Thanks all. I bought this saw new when I first came to the States in 1980. It is not fancy but it has kept on working and working. Now it needs parts. The handles to raise, and angle the blade.


----------



## quartrsawn (Aug 8, 2009)

Try www.ereplacementparts.com they have a Delta 34-388 listed , looks like it might be the same machine.


----------



## Mattfinisher (Mar 28, 2013)

I just inherited the same exact saw from my grandfather, and the motor bogs when cutting even plywood, anything I can do to fix this, inexpensively?


----------



## madts (Dec 30, 2011)

2 things come to mind. The motor is full of dust, blow it out. Or put a new blade on it. New blades can do wonders.


----------



## vanillabear1313 (Apr 2, 2015)

I too have this exact saw, I've had a hell of a time getting the blade to true up to the miter gauge slots. Any suggestions or idea's? I'm also in search of a manual for it if anyone has one?

Thank you very much!!!

-Justin


----------



## Bluepine38 (Dec 14, 2009)

The knobs are probably the same as the Delta Unisaw and Delta Cabinet saw. Check the part numbers on 
the two parts lists shown, The main problem is parts are gettilng hard to find for the older Delta equipment.
Let us know how this turn out.


----------



## unbob (Mar 10, 2013)

The saws can also be branded Delta, here is a parts list.
http://vintagemachinery.org/pubs/1141/3710.pdf
Not much different then the 10" version I have
The hand wheels are smaller then the Unisaw, and mounts are different. Best bet on spare parts are ebay. Most parts are the same as the 10", except the tie bars.


----------



## madts (Dec 30, 2011)

All: I got the parts some time ago. Had to wait 1 1/2 years for some of then. Runs and cuts great. 
Vanillabear: It can be cumbersome to align the blade to the miter slots. You have to get underneath and loosen the bolts that hold the arbor in place. I used a dial indicator to check for parallel.
Thanks for all your help.


----------



## Rrhizae (Nov 21, 2017)

I'm considering buying this saw. $200 but the motor is not mounted on the saw and there's a manageable bit of rust. He said he inherited it and has never used it. There's no wiring, but he said hooked it up at one point and it runs. i like that it has a 12" blade, but is it under powered for it?

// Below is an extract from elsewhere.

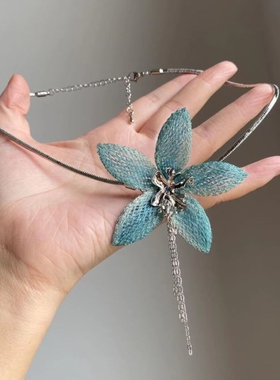 清冷感雾霾蓝镂空编织花朵流苏项链2025新款小众复古choker锁骨链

I need a very accurate, high powered saw that can cut 8/4 hardwoods +

Would any of the owners of this saw recommend that I buy it and put the effort into fixing it up?


----------



## madts (Dec 30, 2011)

Yes, Yes, and Yes.

==Madts.


----------



## knotscott (Feb 27, 2009)

> ...I need a very accurate, high powered saw that can cut 8/4 hardwoods +
> 
> - Rrhizae


A very accurate, high powered saw that can cut 8/4 hardwoods + for $200 is a tall order. I'd be inclined to hold out for a true 3hp cabinet saw.


----------



## bigblockyeti (Sep 9, 2013)

It does sound like you're asking for a lot but the saw sounds like it should be worth more than $200 once all put together so it's very unlikely you'd loose money on the deal.


----------